Peter Voser, the chief executive of Royal Dutch Shell, has strongly criticised BP’s well design and internal inquiry into the causes of the Gulf of Mexico oil spill.

By Rowena Mason, Energy Correspondent
Published: 8:58PM BST 12 Oct 2010

The Deepwater Horizon exploded and sank on April 20, killing 11 men Photo: AP

BP’s report into how the Deepwater Horizon exploded and sank on April 20, killing 11 men, cleared the company of any serious negligence.

But Mr Voser said to “correctly investigate” the company ought to have looked more closely at its own well design.

The oil executive sought to distance the industry from BP’s mistakes, saying his own company would have had more safety barriers in place.

“From what I know today, Shell clearly would have drilled this well in a different way and would have had more options to prevent the accident,” Mr Voser said at the Oil & Money summit in London.

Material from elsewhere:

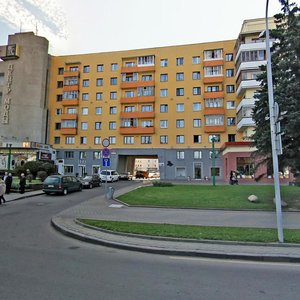 Pieramozhcaw Avenue, 1к2, Minsk: photo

However, the Shell boss acknowledged that all oil companies failed to prepare properly for a major accident, adding that he expects tighter regulation.

BP did not send any representatives to the major annual conference and declined to comment on Shell’s criticism.

“The report was very clear in its parameters and very clear in its conclusions,” a BP spokesman said.

Mr Voser’s remarks came as executives were cheered by the news that the White House was to lift its ban on US deepwater drilling.

Ken Salazar, US Secretary of the Interior, said: “I have decided that it is now appropriate to lift the suspension on deepwater drilling for those operators that are able to clear teh higher bar that we have set.

“The oil and gas industry will be operating under tighter rules, stronger oversight, and in a regulatory environment that will remain dynamic as we continue to build on the reforms we have already implemented.”

Permits are expected to be issued before the end of the year.

It also emerged on Tuesday that the European Union is scaling back its calls for a similar moratorium, following opposition from member governments.

However, at the London conference, the oil industry still painted a gloomy picture of the consequences of BP’s catastrophic spill.

Bernard Duroc-Danner, the chief executive of Weatherford, the oil services group that made a key valve in BP’s exploded well, said the main word for companies would be “more” – in terms of time, costs, liabilities, regulation, risks and rewards.

“How many real estate owners can afford to stay in Gulf of Mexico deepwater? The ones that have big balance sheets,” Mr Duroc-Danner said. “Do you really think that people who don’t have a very large balance sheet will risk the entire company on human error?”

“It is likely that there will be ownership shifts. A fair amount of properties over time will find themselves on the auction block in the Gulf of Mexico,” he said.

“What will happen to deepwater in general is that it will take more time, it will be more expensive, and will yield less at a later time.”

The Weatherford boss said he thought oil companies would look to drill more on land rather than offshore, and that business from the Gulf of Mexico would migrate to Africa, Norway and Brazil.

He said that he expected fewer high-pressure, high-temperature wells to be drilled in future.

Ivan Sandrea, vice-president of Statoil, the Norwegian state energy company, agreed that the most difficult wells would probably not be attempted.

However, he said the world would still need deepwater drilling and estimated oil from more than 1,000 feet under the sea would still make up 30pc of the total supply.

“We don’t see that the potential for offshore has changed,” Sandrea said. “We do see a higher-cost environment going forward.”